Efforts to make hospitals safer for patients are paying off, preventing 3.1 million harmful hospital-acquired conditions and the deaths of some 125,000 people, according to an HHS report released Monday. Those improvements saved close to $28 billion in healthcare costs from 2010 through 2015.
Healthcare leaders touted this progress as a direct result of policies laid out in the Affordable Care Act, public-private partnerships such as the Partnership for Patients, which launched in 2011, and other quality improvement initiatives to target hospital-acquired conditions. These conditions include infections, falls, pressure ulcers and other adverse outcomes.
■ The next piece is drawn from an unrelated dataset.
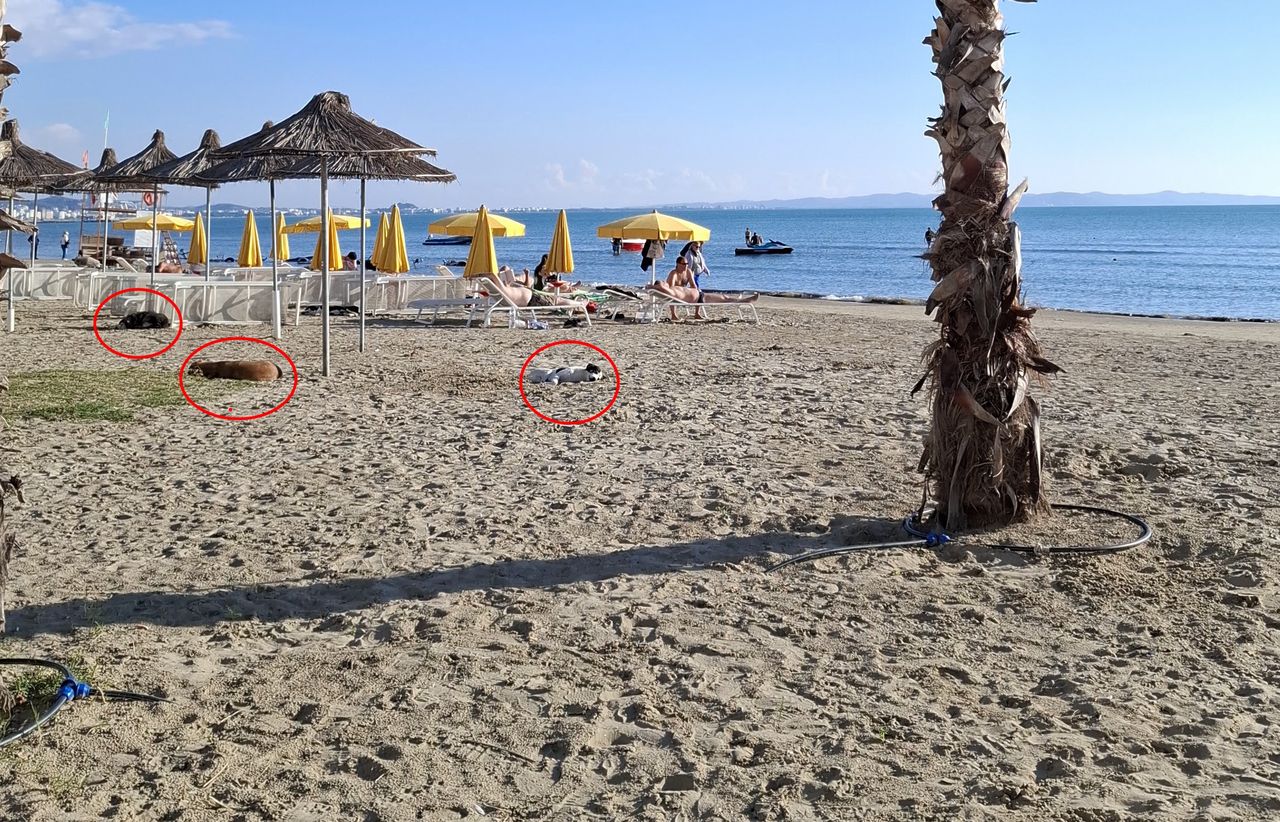 Nagranie z Albanii. Można je spotkać na każdym kroku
"These achievements demonstrate the commitment across many public and private organizations and frontline clinicians to improve the quality of care received by patients across the county,” said Dr. Patrick Conway, the CMS's deputy administrator for innovation and quality and its chief medical officer.
The CMS's Partnership for Patients, for instance, set specific targets for reducing all-cause patient harm, as well as 30-day readmissions to hospitals. Meanwhile, Medicare's Hospital-Acquired Condition Reduction Program reduces payments to certain hospitals that perform poorly on measures of these conditions.
In some places, the HHS report conflicted with a report issued one week earlier by the Centers for Disease Control and Prevention that detailed inadequate progress on cutting hospital-acquired infections.
The CDC report said that central line-associated bloodstream infections fell by half from 2008 to 2014, despite a targeted reduction of 60% by 2015. Catheter-associated urinary tract infections barely changed from 2009 to 2014, despite a targeted reduction of 30%.
The Agency for Healthcare Research and Quality collected the data that went into the HHS report, the National Scorecard on Rates of Hospital-Acquired Conditions. The national rate of healthcare-acquired conditions in 2015 was 21% lower than it was in 2010, the report found. Had rates remained the same, nearly 1 million more harmful incidents would have befallen patients, it said.
According to the HHS report, of the cumulative 3.1 million harmful incidents averted since 2010, about 42% were adverse drug events, 23% pressure ulcers, and about 15% from catheter-associated urinary tract infections -- the same infection whose rates in hospitals the CDC said barely changed from 2009 to 2014.